■ Your instructions
In the material below, find the line containing "Model wearing navy" and the line containing "Ein Balkon mit". Output those two lines and all lines between them exactly, without pictures.
#### Data under study
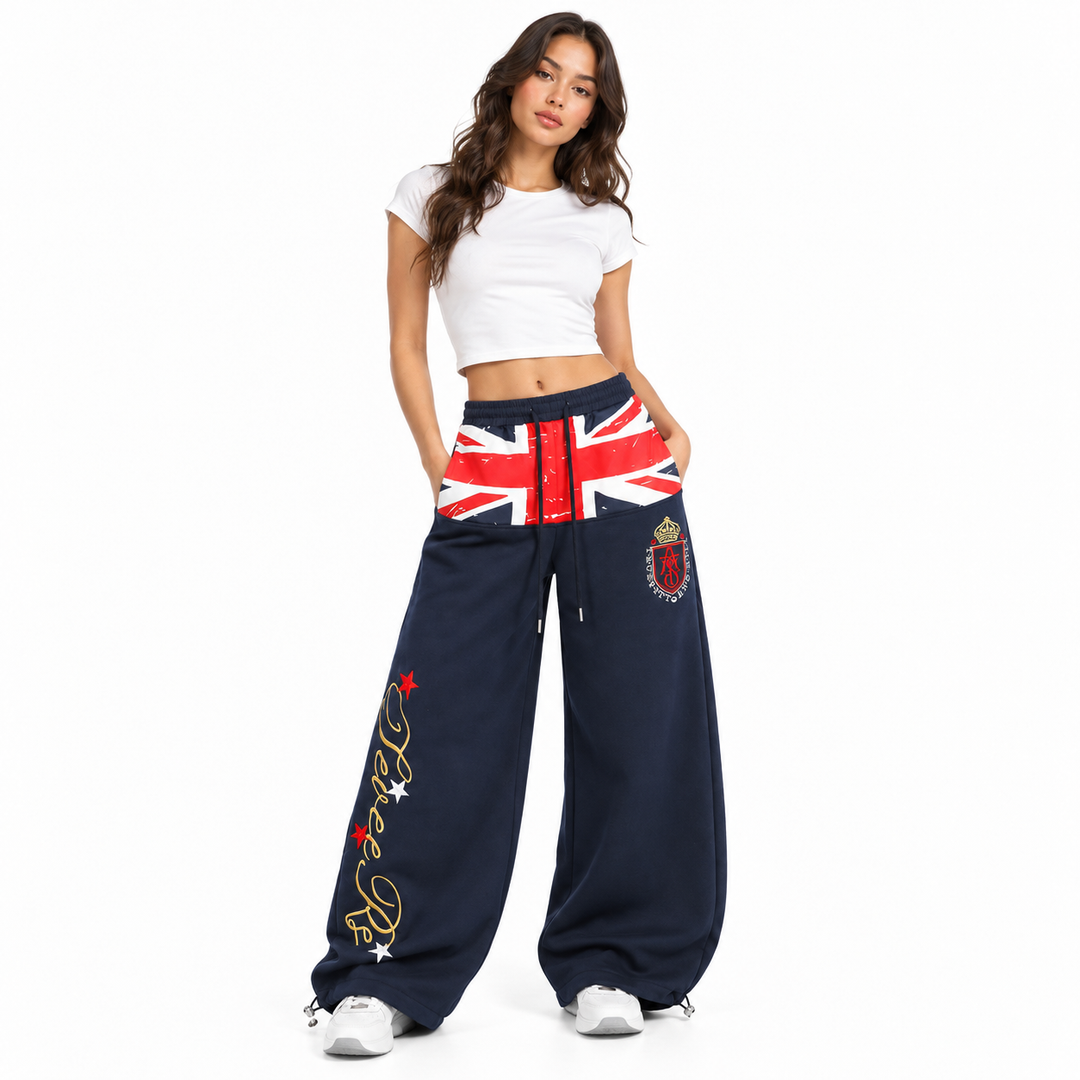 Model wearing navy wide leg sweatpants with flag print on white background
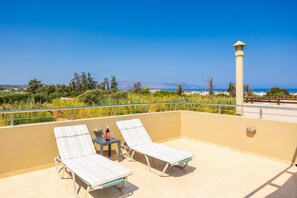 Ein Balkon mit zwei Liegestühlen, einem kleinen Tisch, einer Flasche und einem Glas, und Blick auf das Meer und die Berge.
########
#### Data under study
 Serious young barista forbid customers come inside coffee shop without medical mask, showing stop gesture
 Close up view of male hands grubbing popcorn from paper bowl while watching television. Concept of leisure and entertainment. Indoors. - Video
########
■ Answer section
 Model wearing navy wide leg sweatpants with flag print on white background
 Ein Balkon mit zwei Liegestühlen, einem kleinen Tisch, einer Flasche und einem Glas, und Blick auf das Meer und die Berge.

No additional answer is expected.